Great neighborhood? Check. Great apartment? Check. Curb appeal?

Killer first impressions can be long lasting — and whether it’s a newly advertised flavor of Ben & Jerry’s, an ad for Tory Burch’s latest shoe collection —or finding new digs, “love at first sight” spot-on marketing moments play a sizeable role in how we make our decisions.

Industry experts note that a large percentage of a house hunter’s decision to explore a property further than the curb is based the project’s “wow” factor. Truth is, it sets the “perception” stage of what’s to come beyond a grand entrance or swanky lobby that was designed to provide a sense of arrival and belonging.

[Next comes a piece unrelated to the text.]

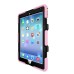 Robot Silicone And Plastic Stand Defender Case With Touch Screen Film for iPad Pro 9.7 inch - Pink
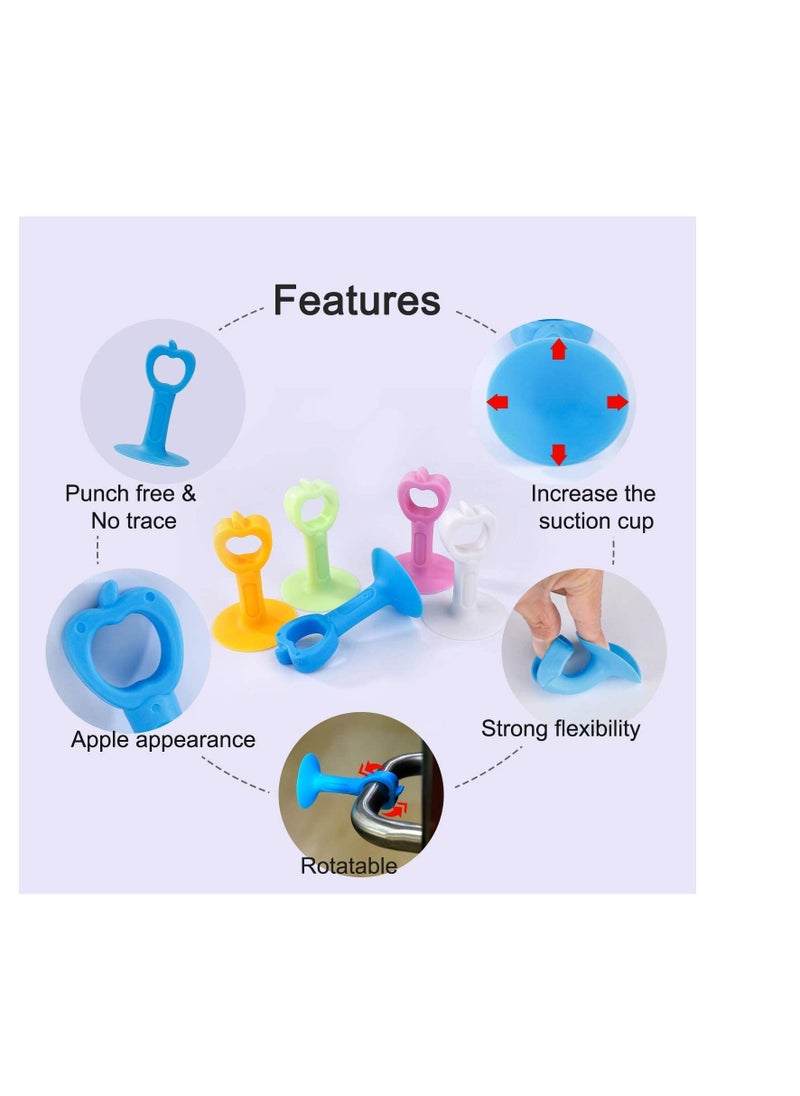 Silicone Door Stopper Anti Collision Doorknob Stopper Punch-Free Mute Door Suction Handle Knob Protector Silicone Bumper Crash Pads for Protecting The Wall 10 Pieces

Obviously, at the end of the day, a building’s outside will only persuade potential buyers to see more, and first impressions can vary from one individual to the next, but the “I was meant to live here” moment is fairly universal.

551West21 by Norman Foster, Norman foster, 551w21, starchitecture chelsea, foster+partners, 551w21Inside Norman Foster’s 551W21. The architect design both the interior and exterior

Incorporating couture-type exteriors and interiors by elite “brands” that range from Robert A.M. Stern, Norman Foster, Frank Gehry and Richard Meier to Fendi, Armani and Mick Jagger offspring, Jade Jagger — superstar architects and interior designers — can lure buyers long before arriving at the front door because time and again, these individuals are just the ticket for setting the tone (and price tag) of what lies ahead. And because buyers pretty much decide whether or not to cross a front door’s threshold based on initial gut reactions, even our city’s older buildings feel the pressure to step up and convert “tired” lobbies into something spiffier by way of restorations, fixtures, furnishings and upgraded staff uniforms. Even the entranceway gets a makeover via more appealing landscaping, freshly painted doors and classier awnings.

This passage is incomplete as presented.